When the string "Drive" is part of a line in the data below, report the whole line.
—————
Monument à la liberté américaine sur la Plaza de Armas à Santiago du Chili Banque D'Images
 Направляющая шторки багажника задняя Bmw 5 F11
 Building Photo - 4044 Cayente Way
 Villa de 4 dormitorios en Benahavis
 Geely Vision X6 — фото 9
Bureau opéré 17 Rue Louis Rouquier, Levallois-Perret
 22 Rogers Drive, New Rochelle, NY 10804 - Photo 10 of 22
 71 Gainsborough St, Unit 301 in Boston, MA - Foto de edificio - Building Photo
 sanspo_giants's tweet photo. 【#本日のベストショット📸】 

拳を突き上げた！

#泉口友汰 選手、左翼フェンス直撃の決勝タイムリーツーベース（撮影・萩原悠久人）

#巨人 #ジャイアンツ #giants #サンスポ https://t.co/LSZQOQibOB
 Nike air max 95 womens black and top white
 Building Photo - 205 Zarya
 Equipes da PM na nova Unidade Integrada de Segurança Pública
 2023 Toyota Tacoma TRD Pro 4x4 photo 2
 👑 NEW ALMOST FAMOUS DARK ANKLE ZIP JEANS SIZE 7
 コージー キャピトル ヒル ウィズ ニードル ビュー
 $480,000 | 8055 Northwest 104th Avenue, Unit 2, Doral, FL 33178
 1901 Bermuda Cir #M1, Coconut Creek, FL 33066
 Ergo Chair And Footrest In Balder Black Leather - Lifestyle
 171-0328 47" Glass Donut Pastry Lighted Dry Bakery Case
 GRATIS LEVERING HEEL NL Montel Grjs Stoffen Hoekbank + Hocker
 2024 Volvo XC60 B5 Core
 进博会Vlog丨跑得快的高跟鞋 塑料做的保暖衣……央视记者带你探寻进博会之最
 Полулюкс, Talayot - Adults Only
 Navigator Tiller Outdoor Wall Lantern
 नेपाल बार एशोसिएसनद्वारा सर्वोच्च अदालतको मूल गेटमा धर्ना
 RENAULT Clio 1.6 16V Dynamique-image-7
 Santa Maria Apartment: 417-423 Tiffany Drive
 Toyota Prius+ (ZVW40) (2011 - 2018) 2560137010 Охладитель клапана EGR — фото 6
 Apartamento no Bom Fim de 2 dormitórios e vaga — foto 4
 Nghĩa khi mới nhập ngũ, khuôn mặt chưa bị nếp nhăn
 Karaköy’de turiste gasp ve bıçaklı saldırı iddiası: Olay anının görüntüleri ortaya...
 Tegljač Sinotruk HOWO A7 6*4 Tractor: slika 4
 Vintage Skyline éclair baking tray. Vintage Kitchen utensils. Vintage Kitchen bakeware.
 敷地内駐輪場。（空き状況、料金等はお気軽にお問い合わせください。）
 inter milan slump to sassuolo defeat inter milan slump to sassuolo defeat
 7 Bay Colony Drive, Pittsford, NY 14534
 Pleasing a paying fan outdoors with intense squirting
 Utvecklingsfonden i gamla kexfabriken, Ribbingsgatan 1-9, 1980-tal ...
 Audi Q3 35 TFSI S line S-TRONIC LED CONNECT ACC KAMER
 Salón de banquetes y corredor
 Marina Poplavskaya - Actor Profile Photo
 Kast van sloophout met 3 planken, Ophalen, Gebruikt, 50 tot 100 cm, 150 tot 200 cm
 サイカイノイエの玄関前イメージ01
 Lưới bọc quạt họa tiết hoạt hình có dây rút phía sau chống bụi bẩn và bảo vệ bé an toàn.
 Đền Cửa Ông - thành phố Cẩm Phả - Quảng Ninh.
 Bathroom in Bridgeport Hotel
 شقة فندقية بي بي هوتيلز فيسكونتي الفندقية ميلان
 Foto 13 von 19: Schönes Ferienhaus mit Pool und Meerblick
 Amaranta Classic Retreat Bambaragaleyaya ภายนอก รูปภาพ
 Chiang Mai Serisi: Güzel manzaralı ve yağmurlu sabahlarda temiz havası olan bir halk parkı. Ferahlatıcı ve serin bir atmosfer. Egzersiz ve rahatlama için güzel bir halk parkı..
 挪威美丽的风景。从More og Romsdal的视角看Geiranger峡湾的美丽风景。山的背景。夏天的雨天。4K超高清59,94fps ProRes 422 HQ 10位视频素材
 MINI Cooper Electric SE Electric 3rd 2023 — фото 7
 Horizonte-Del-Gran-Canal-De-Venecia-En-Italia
—————
## EXERCISE ANSWER
 22 Rogers Drive, New Rochelle, NY 10804 - Photo 10 of 22
 Santa Maria Apartment: 417-423 Tiffany Drive
 7 Bay Colony Drive, Pittsford, NY 14534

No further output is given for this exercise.